Sapanca ve çevresi son yıllarda bir başka değişime daha sahne oldu. Türkiye'nin en önemli dış mekân bitkiciliği bu yörede yapılıyor. Göl çevresindeki verimli sulak alanlar ve bölgenin kendine mahsus iklim yapısı bu iş için çok uygun. Biraz bu üretim imkânlarının katkısıyla ama asıl bu işlere meraklı olan insanlar vasıtasıyla siteler kısa süre içinde bir botanik parkına dönüyor. Yirmi beş yıl önce evimizin hemen önüne elimle diktiğim çınar, gölgesinden yararlandığımız, yazları altında dostlarımızı ağırladığımız, torunlarla Çınaraltı dersleri yaptığımız ulu bir ağaca dönüştü. Eşimin aile bireylerinin her birinin özel günleri hatırasına bahçeye diktiği çeşit çeşit bitkiler sadece güzel çiçekleri ve kokularıyla değil, hatıralarıyla da bizi mutlu ediyor.

Küreselleşme sadece ekonomide, ticarette, siyasette hükmünü icra etmiyor.

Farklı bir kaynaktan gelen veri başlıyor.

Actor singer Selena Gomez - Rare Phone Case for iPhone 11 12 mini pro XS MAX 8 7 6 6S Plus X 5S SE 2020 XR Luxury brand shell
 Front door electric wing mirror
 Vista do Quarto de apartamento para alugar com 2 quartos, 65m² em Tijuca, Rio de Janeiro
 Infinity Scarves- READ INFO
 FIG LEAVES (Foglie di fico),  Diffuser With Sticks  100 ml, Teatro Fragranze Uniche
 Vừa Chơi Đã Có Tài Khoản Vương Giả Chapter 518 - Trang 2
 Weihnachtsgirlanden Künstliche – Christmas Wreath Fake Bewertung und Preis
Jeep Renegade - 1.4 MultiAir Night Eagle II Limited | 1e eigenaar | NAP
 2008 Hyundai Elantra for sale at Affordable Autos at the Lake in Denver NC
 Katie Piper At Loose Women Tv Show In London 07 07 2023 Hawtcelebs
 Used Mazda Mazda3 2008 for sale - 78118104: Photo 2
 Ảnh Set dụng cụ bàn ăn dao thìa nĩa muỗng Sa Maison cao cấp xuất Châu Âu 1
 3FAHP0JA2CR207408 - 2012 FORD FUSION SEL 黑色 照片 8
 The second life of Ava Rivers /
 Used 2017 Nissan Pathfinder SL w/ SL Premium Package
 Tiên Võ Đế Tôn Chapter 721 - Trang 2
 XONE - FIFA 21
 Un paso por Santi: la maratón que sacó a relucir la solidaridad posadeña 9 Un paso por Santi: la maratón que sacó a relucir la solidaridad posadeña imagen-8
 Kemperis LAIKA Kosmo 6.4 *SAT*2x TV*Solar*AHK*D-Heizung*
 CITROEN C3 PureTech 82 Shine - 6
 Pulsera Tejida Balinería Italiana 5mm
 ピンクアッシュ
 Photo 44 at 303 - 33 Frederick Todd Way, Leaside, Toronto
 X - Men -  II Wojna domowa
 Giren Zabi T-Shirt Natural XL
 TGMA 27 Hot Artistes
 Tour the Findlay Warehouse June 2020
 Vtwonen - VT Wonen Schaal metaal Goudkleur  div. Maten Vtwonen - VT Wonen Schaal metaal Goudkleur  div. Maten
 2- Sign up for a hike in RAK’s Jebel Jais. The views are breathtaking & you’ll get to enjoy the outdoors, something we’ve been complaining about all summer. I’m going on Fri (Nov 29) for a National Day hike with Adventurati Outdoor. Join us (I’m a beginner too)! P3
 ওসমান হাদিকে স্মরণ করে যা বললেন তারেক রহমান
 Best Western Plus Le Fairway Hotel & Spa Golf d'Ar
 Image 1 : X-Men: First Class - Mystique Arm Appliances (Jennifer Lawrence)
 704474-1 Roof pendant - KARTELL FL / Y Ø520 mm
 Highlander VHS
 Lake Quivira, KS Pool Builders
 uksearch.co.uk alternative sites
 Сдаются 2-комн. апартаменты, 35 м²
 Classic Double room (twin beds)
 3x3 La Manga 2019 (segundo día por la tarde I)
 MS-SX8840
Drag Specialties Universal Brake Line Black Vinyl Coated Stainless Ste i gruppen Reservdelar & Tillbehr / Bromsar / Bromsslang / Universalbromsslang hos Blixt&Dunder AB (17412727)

Uluslararası ilişkiler bu denli kolaylaşınca site bahçeleri çok sayıda egzotik bitkiye de ev sahipliği yapmaya başladı. Hatta bunlar Bağdat Caddesi'nin kenarlarına da taşıyor artık. Manolyalara bu yıl bir turunçgiller modası da eklendi. Her evin önünde salkım saçak meyveleriyle limonlar, mandalinalar, portakallar arzı endam ediyor artık.

Çınar, ıhlamur, ortanca

Ediyor etmesine de kışın ne yapacağı da belli olmuyor. Bu yıl uzun sürmüş sonbaharın ardından Ocak ayı ortalarında hava birden soğudu ve iki üç gece üst üste buralarda kırk yılda bir rastlanacak şekilde sıcaklıklar eksi onbeşlere düştü. Ardından da yoğun bir kar. Sonuç mu, neredeyse çiçek açmak üzere olan mimozaların gevrek dalları yerlere saçıldı. İtina ile yetiştirilen begonviller, palmiyeler donmanın getirdiği mahzunluğu giyindiler. Bir kere daha anladım ki her bölgenin kendine mahsus bir bitki örtüsü var, zorlamalar bir süre sonra üzücü sonuçlar doğruyor. Aslında bölgenin öylesine zengin bir bitki örtüsü var ki bu gibi ithal örneklere hiç gerek yok. Bana sorarsanız buraya en çok yakışan üç bitki, çınar, ıhlamur ve ortanca fikrimi ısrarla sürdürüyorum. Bölge değişmeye, gelişmeye devam ediyor. Hayatın başka alanları gibi bunun olumlu, olumsuz örnekleri var. Şimdi hızlı trenle ve E 5, Tem, Üçüncü Köprü yolu gibi ulaşım imkanlarıyla Kırkpınar, başta İstanbul olmak üzere çevresine daha yakın. Bu demektir ki bölgede cazibe varsa, ulaşım bu kadar kolay ve kısa ise, her türlü alternatifiyle konaklama sağlanmışsa, vadilerde ve göl kenarında güzel manzaralar eşliğinde nefis bir yöre mutfağı konukları bekliyorsa hareket de artarak devam edecek demektir. Kırk yıllık Kırkpınar sakini olarak ahvalimiz budur efendim.